◆ Problem details: Write every line below out again, exactly as given, but leave out the pictures.

START Supplied data

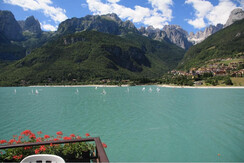vista Dolomiti  lato ovest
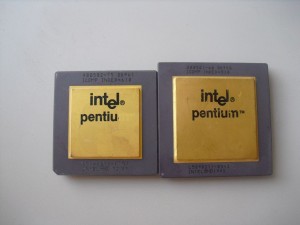 60MHz és 75MHz-es Pentiumok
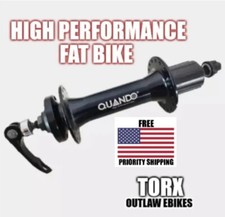  Quando Fat bike rear hub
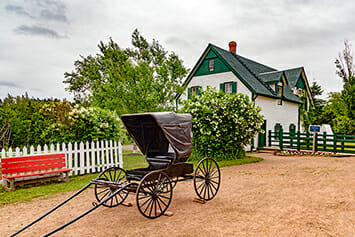 Green Gables house, Prince Edward Island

END Supplied data

◆ Answer area:
vista Dolomiti  lato ovest
 60MHz és 75MHz-es Pentiumok
  Quando Fat bike rear hub
 Green Gables house, Prince Edward Island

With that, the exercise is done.